2. Core Codec Structure and Bit Allocations

In an embodiment, the multi-mode, variable-bit rate codec utilizes four different encoding modes. Since no bits are needed for mode 0 (silence) except two bits for mode information, there are three encoding methods (

mode

1, 2, 3) to be designed carefully. The baseline codec structure of one embodiment of the multi-mode, variable-bit rate codec is taken from the BV16 codec that has been adopted as a standard speech codec for voice communications through digital cable networks. See “BV16 Speech Codec Specification for Voice over IP Applications in Cable Telephony,” American National Standard, ANSI/SCTE 24-21 2006, the entirety of which is incorporated by reference herein.

Mode 1 is designed for handling unvoiced frames, thus it does not need any pitch-related parameters for the long-term prediction module.

Modes

2 and 3 are mainly used for voiced or transition frames, thus encoding parameters are almost equivalent to the BV16. Differences between the BV16 and a multi-mode, variable-bit-rate codec in accordance with an embodiment may include frame/sub-frame lengths, the number of coefficients for short-term linear prediction, inter-frame predictor order for LSP quantization, vector dimension of the excitation codebooks, and allocated bits to transmitted codec parameters.

Although the multi-mode codec described above can reduce the average bit rate, to further improve bit-rate reduction, the codec utilizes a hybrid instantaneous/differential pitch period coding scheme in accordance with the present invention.
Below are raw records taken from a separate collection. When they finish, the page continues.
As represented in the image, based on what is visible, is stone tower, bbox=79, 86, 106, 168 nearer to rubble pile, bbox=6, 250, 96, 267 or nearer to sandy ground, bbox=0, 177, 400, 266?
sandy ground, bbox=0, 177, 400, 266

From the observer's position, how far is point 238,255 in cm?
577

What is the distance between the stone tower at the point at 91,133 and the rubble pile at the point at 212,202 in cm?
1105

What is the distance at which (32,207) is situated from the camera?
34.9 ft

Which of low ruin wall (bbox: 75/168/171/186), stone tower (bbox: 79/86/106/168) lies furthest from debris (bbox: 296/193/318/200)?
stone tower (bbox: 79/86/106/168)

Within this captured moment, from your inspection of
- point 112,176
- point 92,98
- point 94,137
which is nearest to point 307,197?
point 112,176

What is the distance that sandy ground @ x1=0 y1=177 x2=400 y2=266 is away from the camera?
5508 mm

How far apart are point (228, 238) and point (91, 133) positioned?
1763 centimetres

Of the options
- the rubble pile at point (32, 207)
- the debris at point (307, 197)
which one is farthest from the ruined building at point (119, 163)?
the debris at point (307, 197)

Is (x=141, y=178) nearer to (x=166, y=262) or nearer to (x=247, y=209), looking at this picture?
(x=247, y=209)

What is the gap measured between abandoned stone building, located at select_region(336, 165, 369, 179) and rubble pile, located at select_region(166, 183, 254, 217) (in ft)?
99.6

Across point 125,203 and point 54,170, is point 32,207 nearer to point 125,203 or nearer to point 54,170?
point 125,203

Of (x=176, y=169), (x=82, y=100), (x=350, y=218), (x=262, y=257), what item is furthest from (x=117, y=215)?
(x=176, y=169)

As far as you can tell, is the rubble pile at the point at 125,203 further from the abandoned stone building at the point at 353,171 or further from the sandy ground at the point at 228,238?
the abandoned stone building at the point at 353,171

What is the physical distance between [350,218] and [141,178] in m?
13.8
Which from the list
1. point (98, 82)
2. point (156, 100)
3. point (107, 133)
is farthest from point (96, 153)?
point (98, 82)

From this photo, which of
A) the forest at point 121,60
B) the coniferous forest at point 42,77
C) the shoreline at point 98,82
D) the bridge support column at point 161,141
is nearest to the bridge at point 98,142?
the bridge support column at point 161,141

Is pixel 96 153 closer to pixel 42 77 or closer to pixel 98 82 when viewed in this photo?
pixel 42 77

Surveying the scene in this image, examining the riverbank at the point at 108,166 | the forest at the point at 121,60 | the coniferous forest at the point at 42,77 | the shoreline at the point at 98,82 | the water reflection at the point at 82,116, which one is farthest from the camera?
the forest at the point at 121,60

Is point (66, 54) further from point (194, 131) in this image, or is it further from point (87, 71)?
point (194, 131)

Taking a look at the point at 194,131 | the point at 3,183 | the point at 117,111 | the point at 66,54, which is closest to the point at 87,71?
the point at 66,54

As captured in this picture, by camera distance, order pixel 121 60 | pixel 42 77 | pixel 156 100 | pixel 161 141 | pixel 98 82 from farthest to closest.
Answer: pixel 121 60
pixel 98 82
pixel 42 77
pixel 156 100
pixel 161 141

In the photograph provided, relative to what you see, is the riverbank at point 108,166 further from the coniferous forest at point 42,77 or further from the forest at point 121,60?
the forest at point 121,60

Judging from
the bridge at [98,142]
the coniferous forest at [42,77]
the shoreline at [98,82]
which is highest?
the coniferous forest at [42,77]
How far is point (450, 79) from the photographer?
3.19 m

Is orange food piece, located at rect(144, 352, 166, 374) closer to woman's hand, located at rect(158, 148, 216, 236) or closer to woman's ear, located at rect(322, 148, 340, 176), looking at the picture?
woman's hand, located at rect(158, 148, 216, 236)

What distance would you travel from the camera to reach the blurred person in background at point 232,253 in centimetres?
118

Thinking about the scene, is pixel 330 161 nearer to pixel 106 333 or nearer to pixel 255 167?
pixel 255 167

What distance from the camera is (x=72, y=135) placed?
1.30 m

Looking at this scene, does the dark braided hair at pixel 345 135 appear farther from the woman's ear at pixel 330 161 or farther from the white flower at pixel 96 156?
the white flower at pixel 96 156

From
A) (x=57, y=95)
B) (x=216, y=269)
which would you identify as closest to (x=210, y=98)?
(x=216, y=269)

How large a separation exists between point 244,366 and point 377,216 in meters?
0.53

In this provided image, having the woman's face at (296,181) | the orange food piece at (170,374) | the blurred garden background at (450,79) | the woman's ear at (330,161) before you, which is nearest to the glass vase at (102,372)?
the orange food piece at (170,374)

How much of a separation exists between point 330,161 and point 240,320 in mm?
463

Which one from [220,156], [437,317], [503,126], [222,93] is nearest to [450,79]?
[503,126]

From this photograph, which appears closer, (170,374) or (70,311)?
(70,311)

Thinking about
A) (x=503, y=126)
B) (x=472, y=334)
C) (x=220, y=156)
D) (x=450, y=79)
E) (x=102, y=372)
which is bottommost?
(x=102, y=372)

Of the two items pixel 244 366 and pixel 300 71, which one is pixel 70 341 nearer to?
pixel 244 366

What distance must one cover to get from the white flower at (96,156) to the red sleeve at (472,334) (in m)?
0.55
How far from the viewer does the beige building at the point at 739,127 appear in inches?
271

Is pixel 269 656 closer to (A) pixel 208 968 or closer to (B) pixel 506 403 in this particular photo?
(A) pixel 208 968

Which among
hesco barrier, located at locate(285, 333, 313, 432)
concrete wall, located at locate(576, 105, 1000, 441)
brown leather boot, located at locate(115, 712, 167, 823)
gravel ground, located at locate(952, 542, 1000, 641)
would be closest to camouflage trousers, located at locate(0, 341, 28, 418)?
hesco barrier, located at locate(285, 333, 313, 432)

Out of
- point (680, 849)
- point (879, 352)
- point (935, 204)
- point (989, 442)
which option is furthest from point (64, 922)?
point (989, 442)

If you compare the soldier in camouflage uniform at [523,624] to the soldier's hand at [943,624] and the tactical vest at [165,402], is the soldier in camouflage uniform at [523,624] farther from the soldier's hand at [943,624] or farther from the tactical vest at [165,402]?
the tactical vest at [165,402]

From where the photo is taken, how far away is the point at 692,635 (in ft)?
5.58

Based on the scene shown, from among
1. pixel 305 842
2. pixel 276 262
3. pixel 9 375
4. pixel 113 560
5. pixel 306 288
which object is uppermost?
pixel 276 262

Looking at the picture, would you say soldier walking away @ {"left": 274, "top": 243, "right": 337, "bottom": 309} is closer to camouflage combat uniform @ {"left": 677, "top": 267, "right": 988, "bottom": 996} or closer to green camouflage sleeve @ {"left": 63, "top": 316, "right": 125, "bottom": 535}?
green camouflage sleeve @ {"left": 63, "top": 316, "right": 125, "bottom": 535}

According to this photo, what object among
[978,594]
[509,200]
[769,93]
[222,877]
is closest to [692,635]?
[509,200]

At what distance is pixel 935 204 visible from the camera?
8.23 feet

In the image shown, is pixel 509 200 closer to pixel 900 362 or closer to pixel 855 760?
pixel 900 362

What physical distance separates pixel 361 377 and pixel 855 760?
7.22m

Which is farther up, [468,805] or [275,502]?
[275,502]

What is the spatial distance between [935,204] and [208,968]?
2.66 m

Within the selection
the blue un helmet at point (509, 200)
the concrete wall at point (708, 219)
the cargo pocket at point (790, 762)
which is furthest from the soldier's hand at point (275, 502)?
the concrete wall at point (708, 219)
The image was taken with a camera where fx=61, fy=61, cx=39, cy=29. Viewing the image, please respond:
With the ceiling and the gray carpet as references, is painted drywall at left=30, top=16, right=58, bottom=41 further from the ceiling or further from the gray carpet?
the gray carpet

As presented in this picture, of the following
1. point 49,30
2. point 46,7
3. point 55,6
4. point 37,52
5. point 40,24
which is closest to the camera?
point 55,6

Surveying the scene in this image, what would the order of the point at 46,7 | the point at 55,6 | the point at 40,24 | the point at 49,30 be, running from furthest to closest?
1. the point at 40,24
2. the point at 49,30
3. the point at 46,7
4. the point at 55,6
Conventional speech codecs often use 7-bit instantaneous uniform quantization (for 8 kHz sampling rate) to quantize the pitch period into one of 128 consecutive integers (for example, from 20 to 147 samples). If the pitch period is determined and encoded once every 5 ms, then the encoding of the pitch period alone takes 7*1000/5=1400 bits/sec. This is a rather inefficient use of bits if the total encoding bit-rate of the speech codec is only on the order of 4 to 5 kb/s. Since an embodiment of a multi-mode, variable-bit-rate codec described herein uses pitch-related information in voiced regions (modes 2 and 3) where the pitch period typically changes slowly with time, the average encoding bit-rate for the pitch period can be greatly reduced with a hybrid instantaneous/differential coding scheme.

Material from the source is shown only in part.